● EXTRACTED MATERIAL:
——

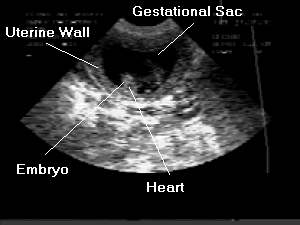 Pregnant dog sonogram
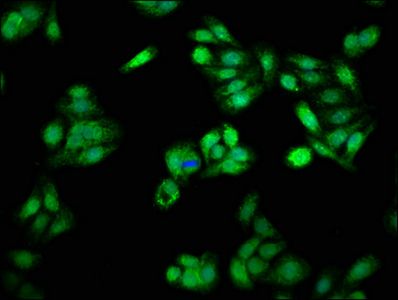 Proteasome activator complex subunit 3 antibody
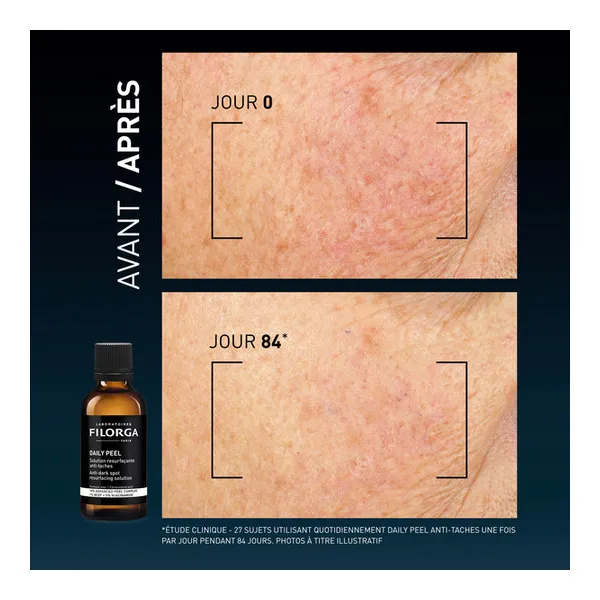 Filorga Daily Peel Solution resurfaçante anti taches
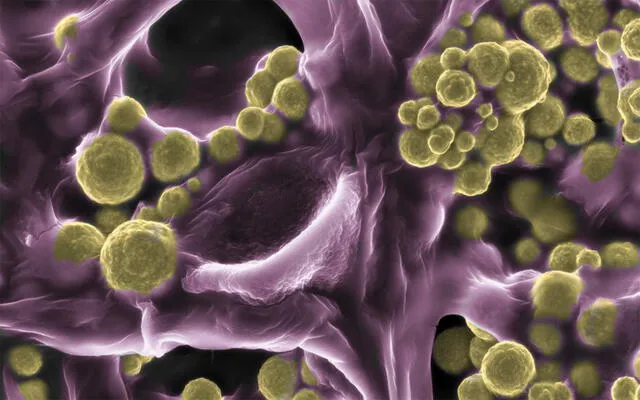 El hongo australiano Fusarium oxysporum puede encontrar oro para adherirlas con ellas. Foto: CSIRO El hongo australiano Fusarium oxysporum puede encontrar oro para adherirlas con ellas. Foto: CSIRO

——

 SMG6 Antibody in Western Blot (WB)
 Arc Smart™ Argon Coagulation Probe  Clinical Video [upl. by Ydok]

——

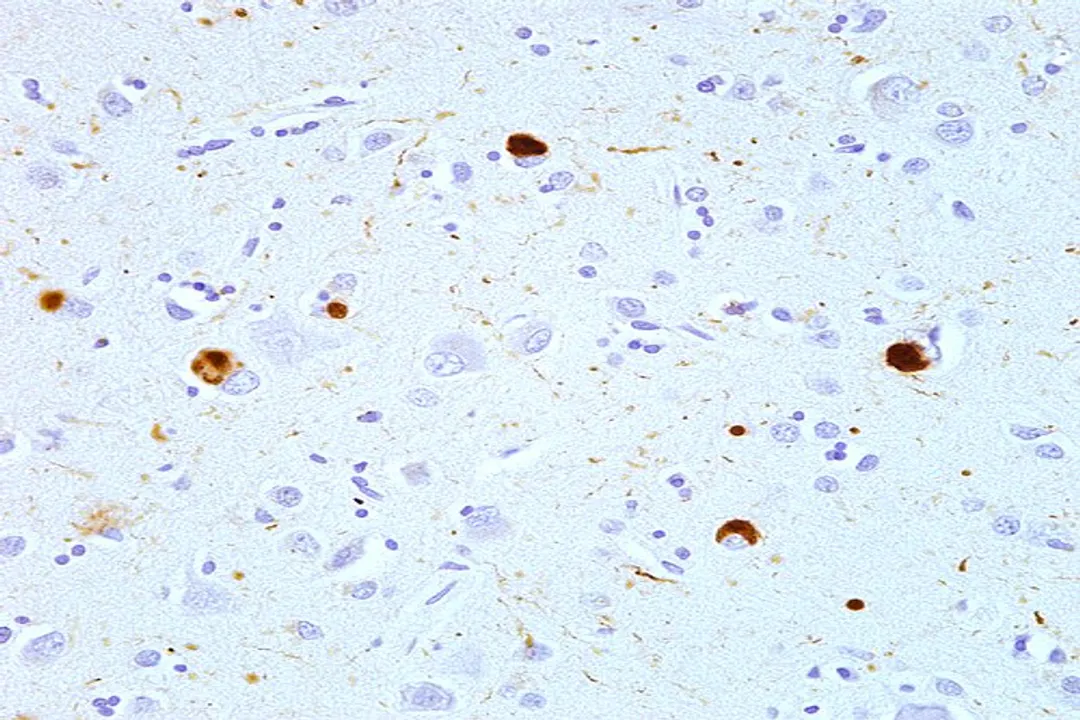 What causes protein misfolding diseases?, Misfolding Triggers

——

● THE PROBLEM: From the material above, give again exactly the lines from the one that contains "Proteasome activator complex" through the one that contains "Foto: CSIRO El", and leave out the pictures.

● ANSWER SPACE:
 Proteasome activator complex subunit 3 antibody
 Filorga Daily Peel Solution resurfaçante anti taches
 El hongo australiano Fusarium oxysporum puede encontrar oro para adherirlas con ellas. Foto: CSIRO El hongo australiano Fusarium oxysporum puede encontrar oro para adherirlas con ellas. Foto: CSIRO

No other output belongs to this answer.